This one is really scary and is leaving our team very concerned. A new white hat hacker has discovered a way to create "ransomcloud" where any cloud service you store data in can potentially be encrypted and your data held for ransom.
We have heard from many companies we have spoken to that they are "safe" because their data is "in the cloud". First of all, this isn't exactly true, while the cloud is redundant and secure, there are many security instances you have to consider when storing data in the cloud.
This new ransomware in the cloud adds a whole new level of complexity. Where as conventional Ransomware encrypts files on your computer, network, server and other networked devices, Ransomware in the cloud encrypts things like email, cloud file services (like dropbox/box/onedrive/google drive), and potentially other web databases.
You can see a video created by the guys at KnowBe4 on their proof of concept.
So what should you do about this?
- Educate your employees, they play a pivotal role on keeping your company safe, because in essence they hold a big key to the kingdom because they have access to your email, computers and networks. (We even host free employee training for local businesses: www.creativeit.com/employeetraining/)
- Setup email anti-spam and anti-virus protection. Services that can scan for and block suspicious emails and their attachments from ever reaching your employees.

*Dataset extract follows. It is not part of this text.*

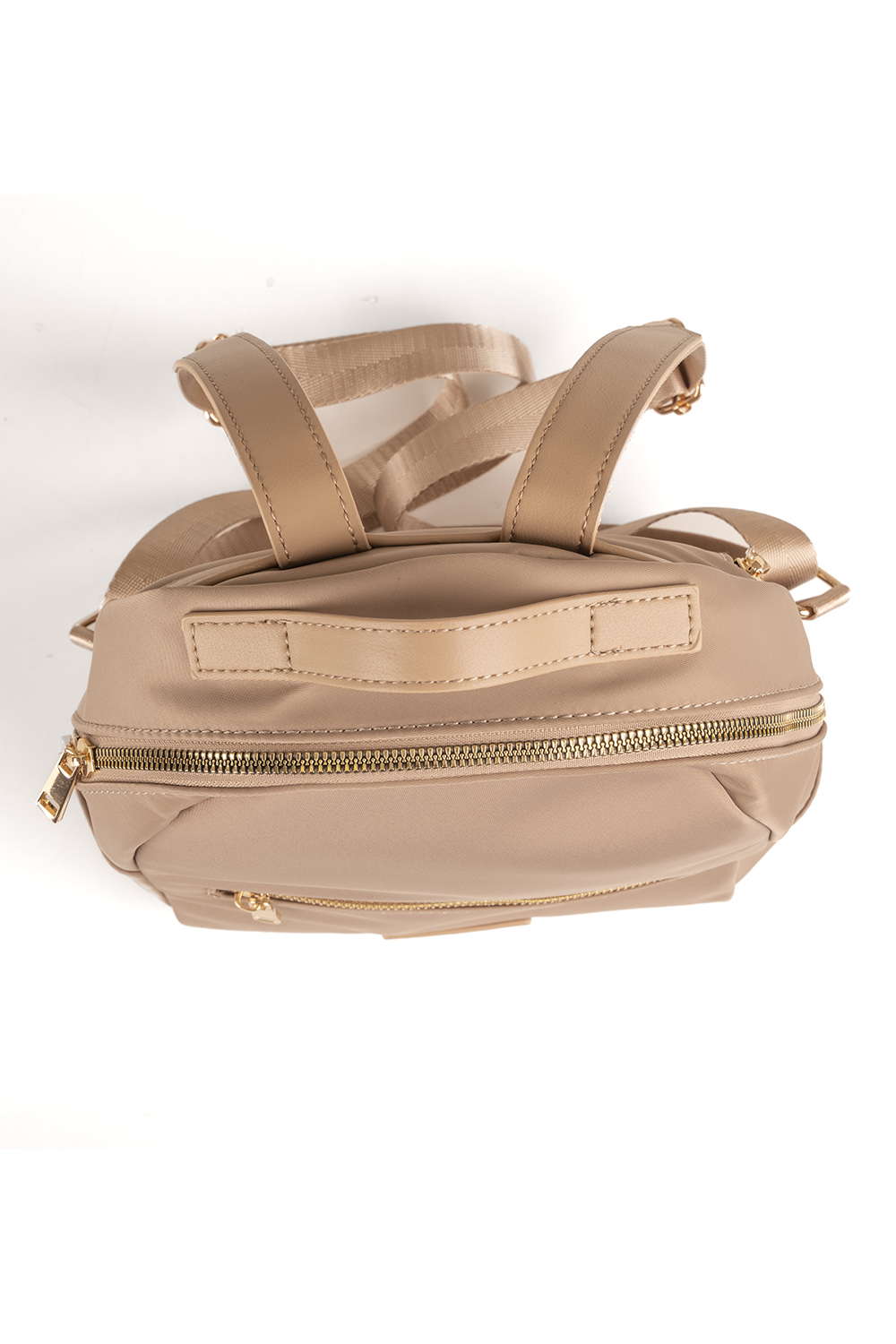 Vivisence Sac À Dos Femme Nylon Compartiments Multiples Poche Discrète, beige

We use a product internally and with our clients that blocks this unwanted spam.
- Use an Advanced Anti Virus product that not only scans for viruses but is advanced enough to detect anomalies in software and paterns, we cover this in our Security Series: www.creativeit.com/cybercrimeantivirus/
- Backup Backup Backup... Even if it is a cloud service make sure you have a backup that is holds multiple versions, backs up often, and does not overwrite older versions. This way you can potentially restore in the event of something like this.